第51話 14時12分
2049年12月22日水曜日 14時12分 東京都千代田区 帝国ホテル地下駐車場
ケリーとリーカー、そして護衛二人に案内されて車に乗り込む。すると、黒い布を手渡される。
「分かるよね」
そう言われて、里井はすぐにそれを頭にかぶった。飯田もそれをみて、同じように被る。お察しの通り、目的地を悟られないためだ。そのまま車は動き出す。里井は暗闇の中、軽く耳元を叩く。
『……発信機は車に乗ってから機能してない。

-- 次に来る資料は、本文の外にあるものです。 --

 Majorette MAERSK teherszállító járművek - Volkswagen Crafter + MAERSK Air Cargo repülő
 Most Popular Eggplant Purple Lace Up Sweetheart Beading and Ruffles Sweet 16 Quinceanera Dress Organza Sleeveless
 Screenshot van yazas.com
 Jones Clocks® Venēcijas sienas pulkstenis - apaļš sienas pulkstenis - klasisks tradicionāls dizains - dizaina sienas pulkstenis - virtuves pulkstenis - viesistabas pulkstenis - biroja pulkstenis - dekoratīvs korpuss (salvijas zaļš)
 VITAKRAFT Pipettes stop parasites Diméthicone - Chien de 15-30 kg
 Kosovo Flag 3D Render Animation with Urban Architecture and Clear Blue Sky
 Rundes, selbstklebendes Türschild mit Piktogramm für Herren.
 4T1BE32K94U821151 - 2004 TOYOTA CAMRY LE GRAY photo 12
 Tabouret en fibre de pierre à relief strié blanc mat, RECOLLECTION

おそらくGPSの妨害電波が出されているんだろ、かなり用心しているな……悪いけど、二人が行く場所は追えない』
里井の合図を理解した北原が瞬時に情報を入れる。合図がない限り、無線は基本的に使わない。こういった緊迫した状態の場合、それが邪魔をする場合がある。得た情報は、里井にとって想定を大きく外れたものではなかった。

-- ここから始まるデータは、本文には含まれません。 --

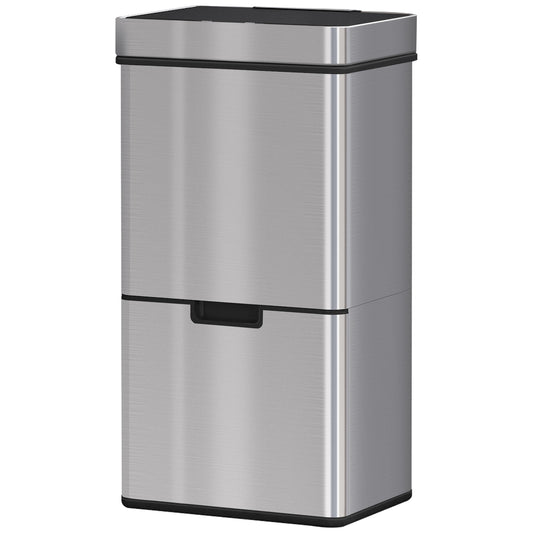 Poubelle à capteur 3 compartiments 72 L — Inox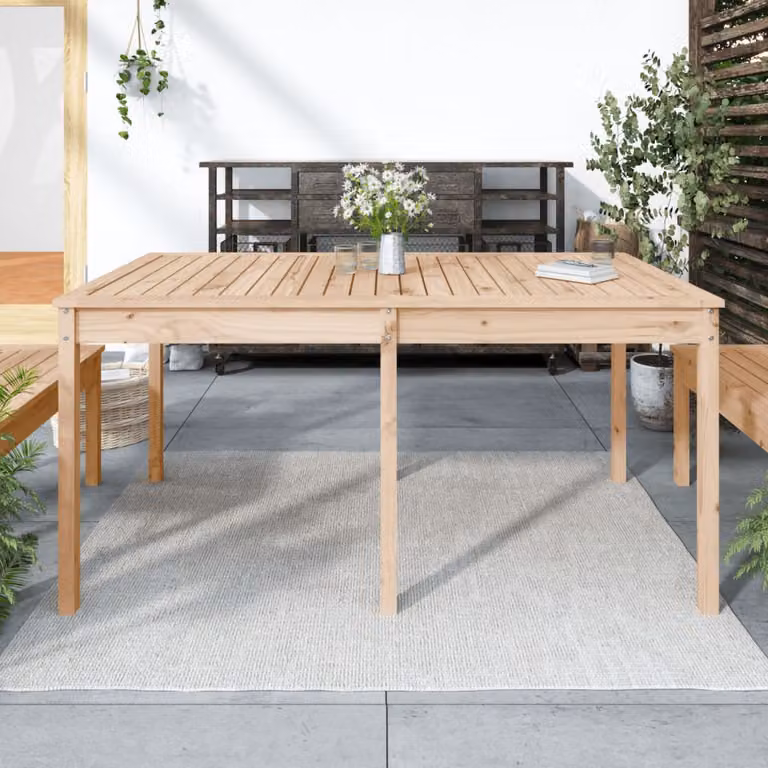 vidaXL Tavolo da Giardino Rettangolare in Legno di Pino Marrone L: 159,5 cm, P: 82,5 cm, H: 76 cm
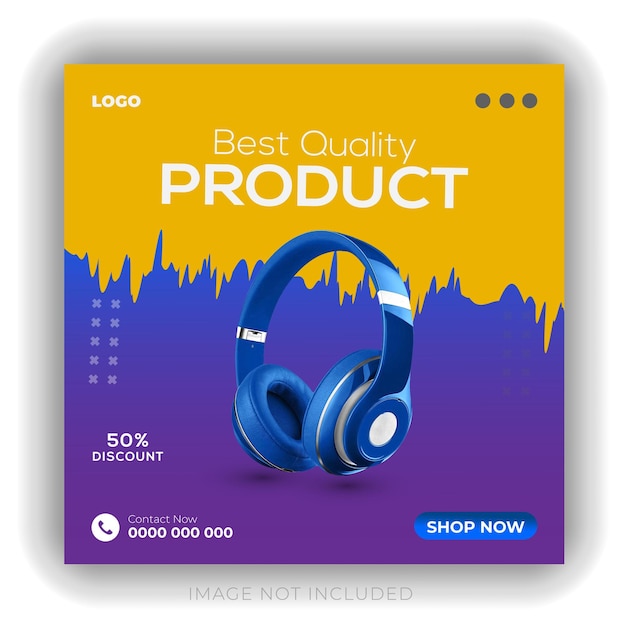 Vector brand headphone product marketing social media post banner design template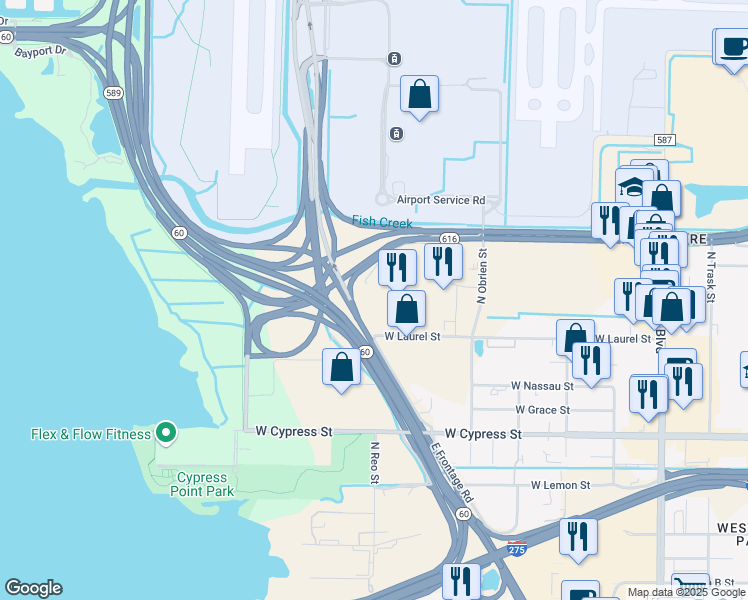 map of restaurants, bars, coffee shops, grocery stores, and more near 3505 Interstate 275 Frontage Road East in Tampa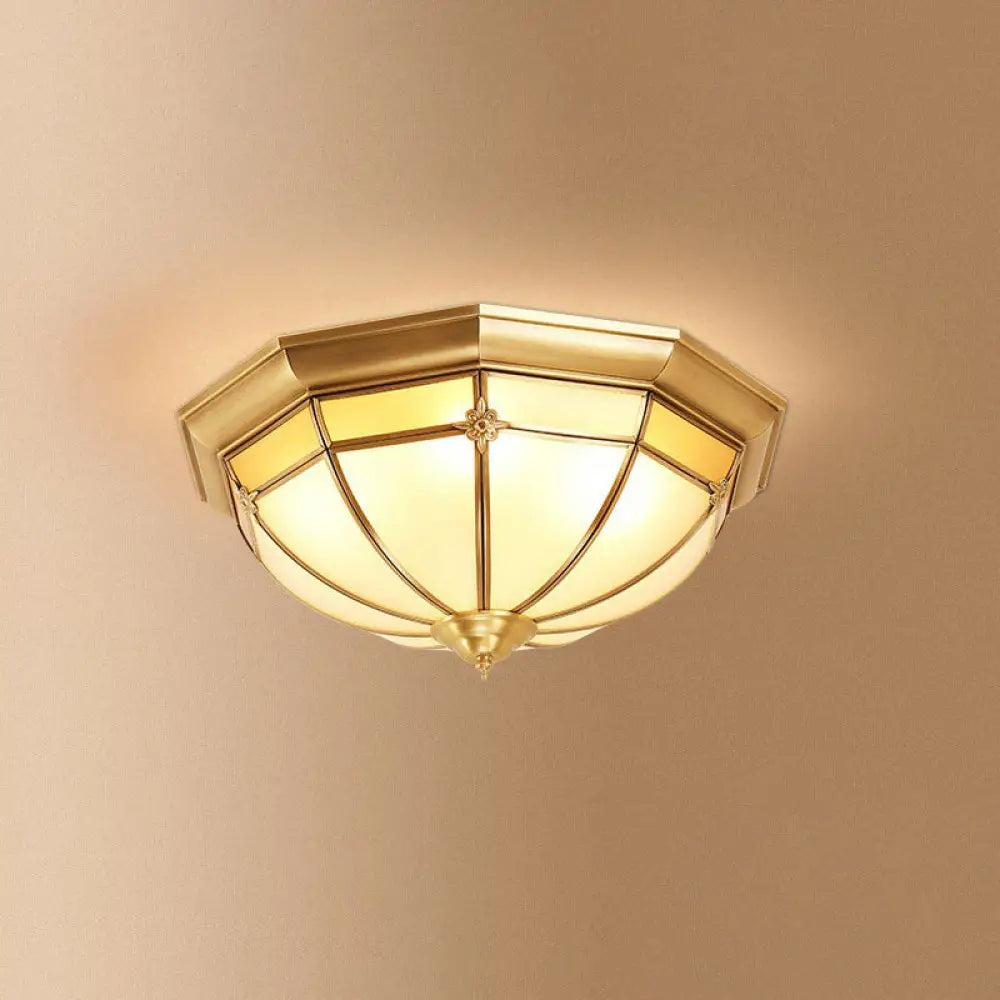 Opal Frosted Glass Colonial Dome Flush Mount Lighting In Brass 3 /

『孝太郎、もう一つだけ……やり取りの限りだけど、おそらく向こうは信じ切っているわけではないと思う。手錠がされていないのは救いだけど……もしかしたら消すための場所移動なのかもしれない。リーカーならやりかねないわ。用心して、本当に』
ウィリアムズの言葉を聞いて、里井は安堵する。自身の思惑がそれほどにずれていないことが確認できたからだ。考えを巡らせながら手を後ろに回し、腕時計のボタンを押して無線をオフにした。オフになったことは北原たちも当然分かる。そして里井は、もう一つあるボタンを押した。
車内は無言のまま、数十分走り続けて停車した。走っている時間からして、それほど遠くには行っていない。ドアが開き、視界が見えない状態のまま二人は車両が降りるのだった。

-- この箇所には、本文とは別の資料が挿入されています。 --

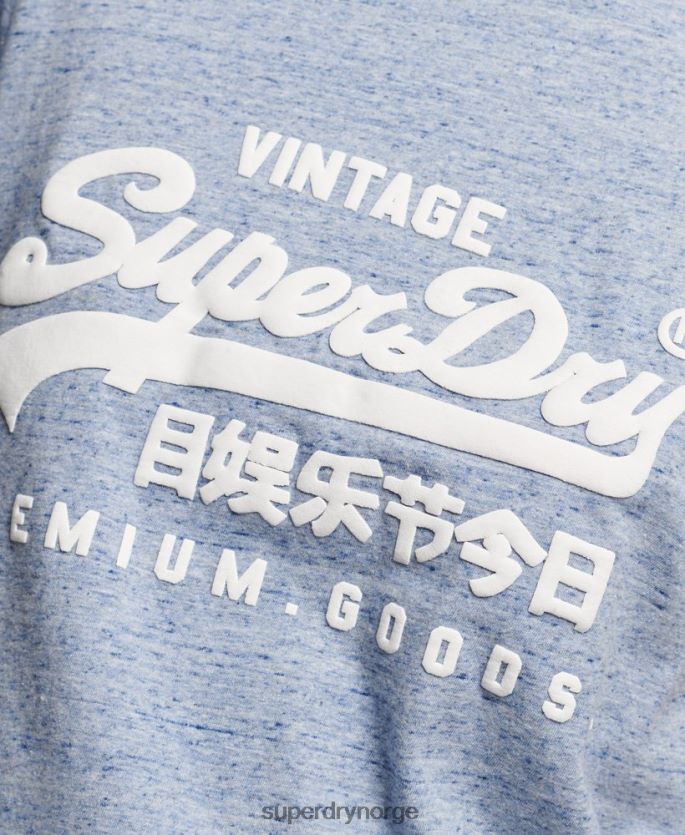 Superdry blå klær 86P46D2619 vintage t-skjorte med logoskript i økologisk bomull kvinner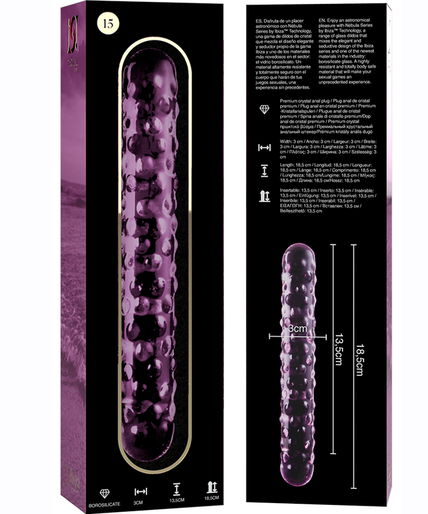 NEBULA SERIES BY IBIZA - MODEL 15 DILDO BOROSILICATE GLASS PINK 18.5 CM -O- 3 CM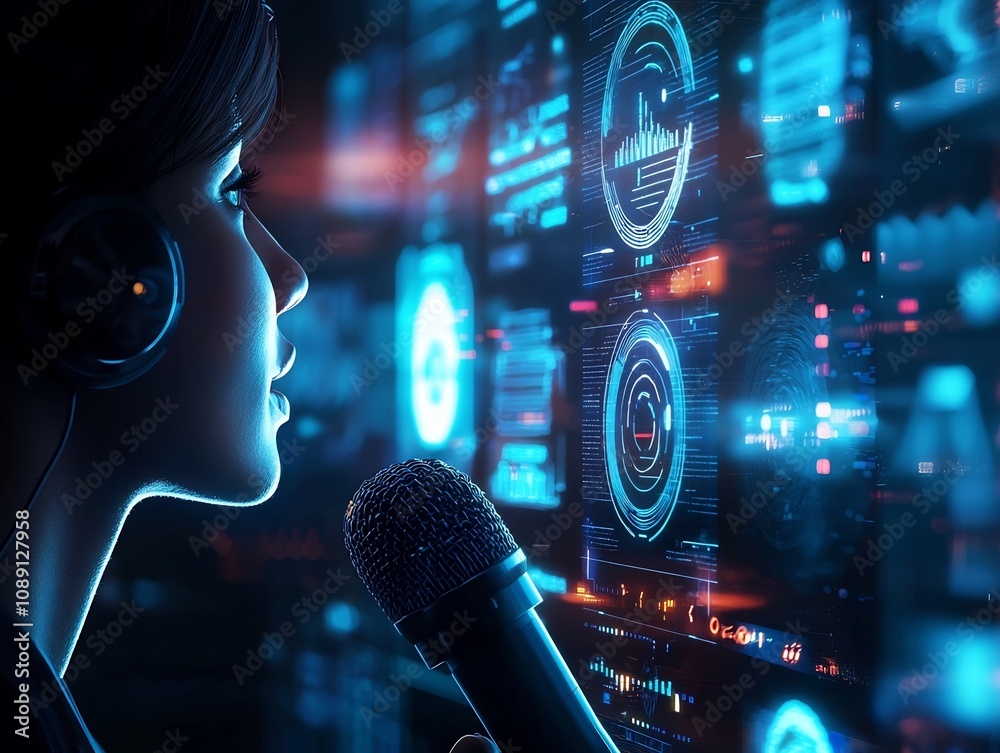 Wall mural digital interface translating voice into multiple languages in real time
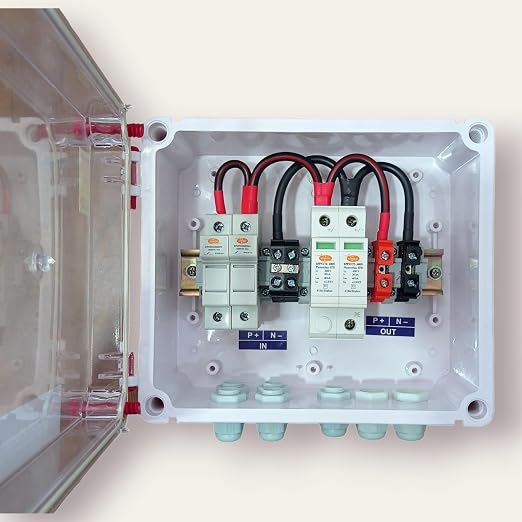 Kenbrook Solar AJB DCDB 2 in 1 out 600V Inbuilt 2 x 20A Fuses, 600V SPD (2 Series/String x up to 12 Panels Max.)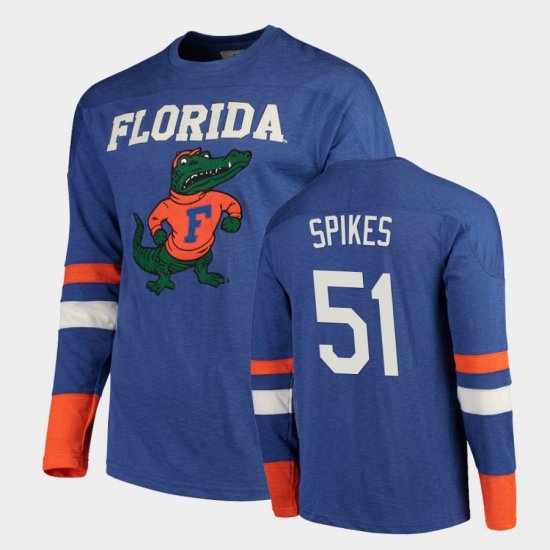 #51 Brandon Spikes Old School University of Florida Football Long Sleeve Men Royal T-Shirt 288824-376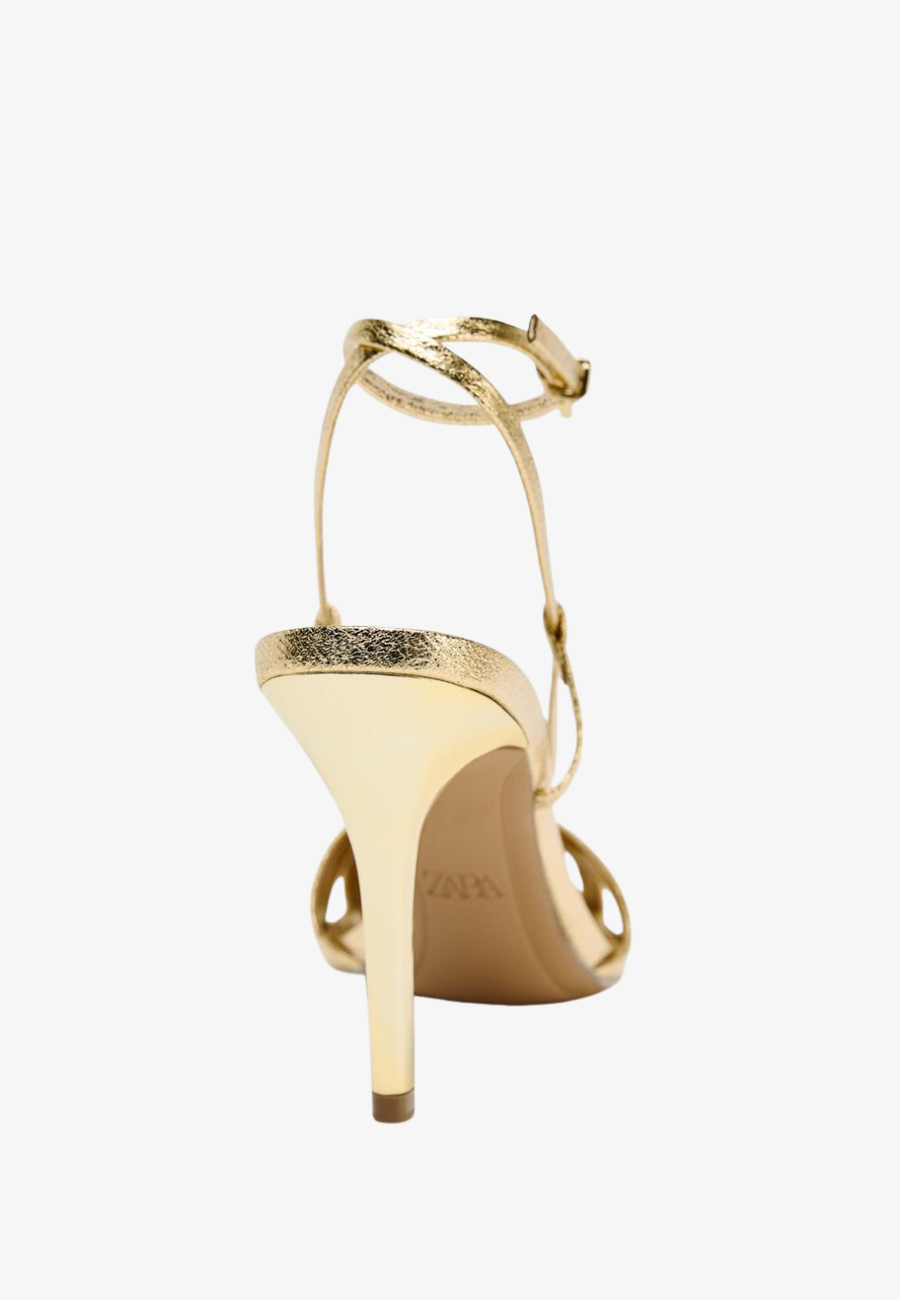 Zara Metallic Effect Strappy Heeled Sandals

2049年12月22日水曜日 14時12分 神奈川県川崎市多摩区 兼修大学 五十嵐教授研究室
研究室には沢田が合流し、二人掛かりで調べを進めていた。沢田は例の研究のことを知らない。北里からは、あくまでも’書類整理’の名目で呼ばれたようだ。そう言われた来た沢田は、書類整理と言いつつ明らかに何かを探している北里の様子に気がついた。
「ねえ成美、何か探してる?」
北里は沢田に背を向けて作業していたため、急に思いがけない言葉を掛けられ思わず立ち上がった。一瞬の間で悩んでみたが、今更隠すことが得策とも思えなかった。
「……実は、探しものしてて」
「探しもの?」
「うん。五十嵐教授が秘密でやってた研究があるはずなんだけど、その資料がどこかにないかなって」
「秘密でやってた研究ねえ……」
北里にとって幸いだったのは、沢田には少し抜けたところがある点だ。あまり興味を示す様子はないが、心当たりを探すかのように天井を見つめる。すると、何かを思い出したのか手を叩き大きな音を出した。
「あるとしたら、隠し扉の中じゃない?」
沢田はそう言うと、研究室のテーブルの後ろにある掛け軸を外し、裏に隠れていた書棚の本を抜き始めた。北里はその存在すら知らなかったわけだが、沢田の迷いない行動のおかげで驚く間すら与えてもらえない。
本を抜き終わると手を棚の奥に入れ何かを操作している。”ガチャン”と大きな音を立てると本棚自体が扉のように開いた。
「祥子、聞いていい?……なんでそれ知ってるの?」
やっとその言葉が出てきた。沢田は平然とした顔でそれに答える。
「たまたま、開けてるの見たことがあって。教授、私に気づかず開け閉めしてたから、いけないとは思いつつその様子見てたんだよね。誰にも言うなって言われてたから言わなかっただけ」
「あ……そ……」
「私は開けるのも入るのも初めてだよ。たぶん、誰も開けたことないんじゃないかな」
そう言いながら中に入る。広いスペースではない。台座のような机があり、その上にはモノが置かれていた。
「……成美、これじゃない?」
北里は沢田と大学に入って以来の友人であるが、これほどまでに感謝したことは過去にない。そこにあったのは、五十嵐教授が自筆で書かれたと思われるノートとUSBメモリーであった。